Sadly, Chuck Hagel, the secretary of defense, has failed to provide the leadership the armed forces need to ensure Americans master the future, not relive the past. Instead, Hagel has been cast by the four-stars in the Pentagon in the role of the man on the register at the end of the checkout line in the supermarket; he takes 5 percent off whatever comes down the conveyor belt.
Savvy investors hedge their positions against unpredictable market movement, but there is no evidence to date that Hagel is searching for a range of possible hedges to mitigate the obvious decline in American economic and military power. Making the individual services smaller isn’t change. It’s disastrous, but nobody inside the Washington, D.C., beltway including Hagel seems capable of making the hard choices when the pain occurs on their watch.
Hagel, of course, is not unique. Washington’s top executives (military, government or civilian) reach the top because they were repeatedly chosen by others who put loyalty to the system and conformity to the status quo above competence, imagination and creativity.
The National Defense Panel exemplifies the problem. They, too, are a group of “safe hands,” people chosen for their readiness to preserve, not to change the status quo.
So the defense mess is not entirely Hagel’s fault. Inside a society where Americans are brainwashed into believing that everyone, everywhere is the same, that in Stanley Kubrick’s words from “Full Metal Jacket,” “Inside every Vietnamese is an American waiting to get out,” facts seldom matter. Perhaps, this is why the American public only recently turned against the military interventions in Iraq and Afghanistan, constraining Washington’s self-absorbed interventionists — Obama, McCain, Graham, Kerry and a host of others — from dragging us into Syria
With the exception of those Americans whose jobs inside the defense industry are at stake, very few politicians of either party are interested in what kinds of military forces emerge from the defense cuts or who mans the forces American taxes support. And why should they care?

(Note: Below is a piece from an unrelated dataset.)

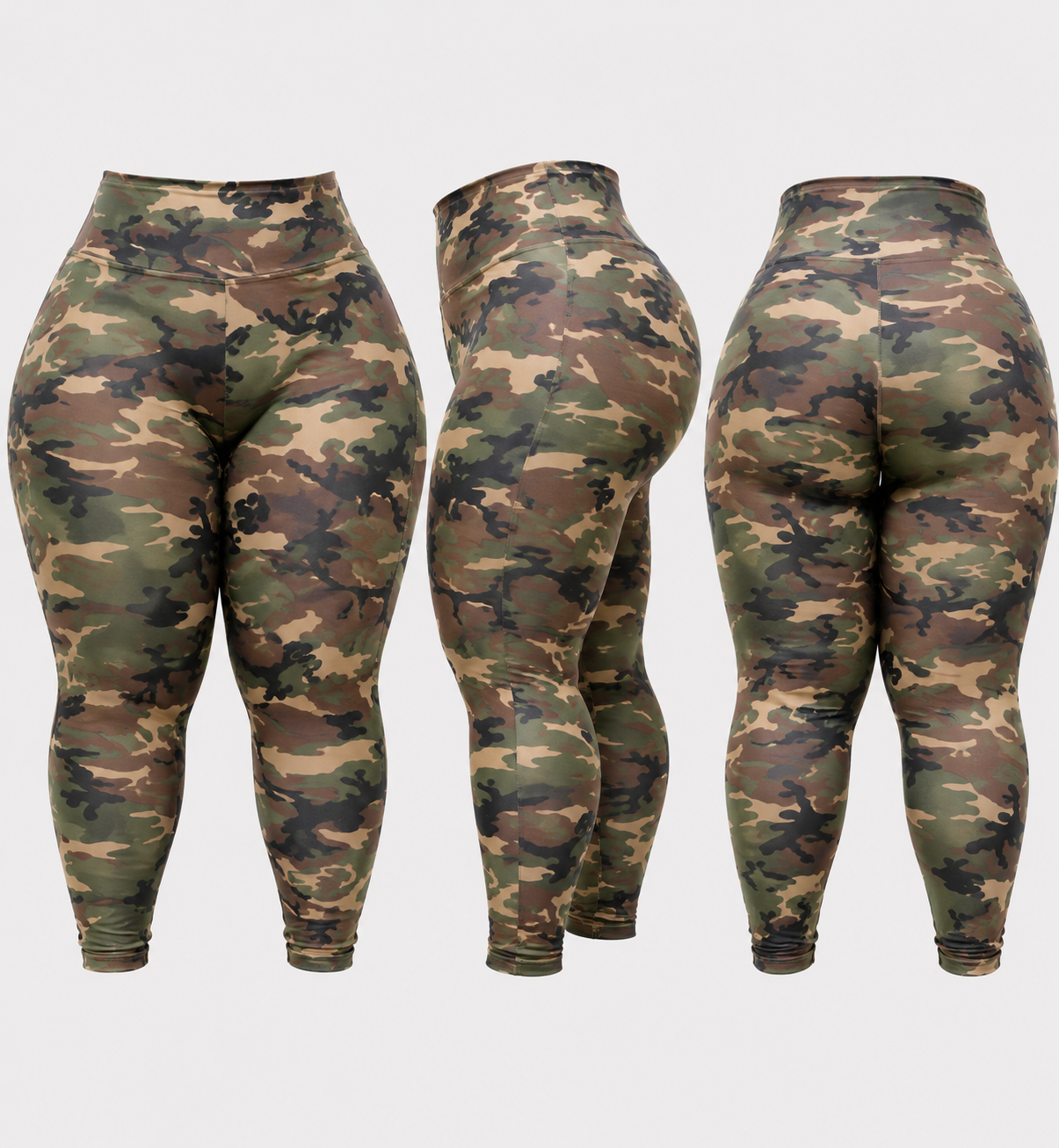 Active CurveFit Green Long Camo Tights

Demi Moore has conclusively proven that women can do everything men can do, and gender is, in Marxist terms, simply an “artificial construct.” Drones obviate the need for the lethality that springs from disciplined, physically and psychologically hardened men inside highly trained combat units that kill effectively. For the moment, Hollywood has won the argument and anyone who dares to disagree on the basis of documented combat experience is dismissed out of hand as a misogynous dinosaur. Emotion trumps reason at every turn.

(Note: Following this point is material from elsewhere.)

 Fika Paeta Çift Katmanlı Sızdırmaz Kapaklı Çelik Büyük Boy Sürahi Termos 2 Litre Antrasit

Tragically, the only antidote to Washington’s shameless self-interest, self-deluding behavior and unbridled emotion is future war against a capable enemy with the ability to destroy us, something we have not seen since Korea in 1953, a war Americans in or out of uniform did not want or expect to fight. Whether we survive it is an open question. Until then, in Saul Bellow’s words, “A great deal of intelligence can be invested in ignorance when the need for illusion is deep.”
U.S. Army Col. (Ret.) Douglas Macgregor is a decorated combat veteran, Ph.D., author and executive vice president of Burke-Macgregor Group in Reston, Va.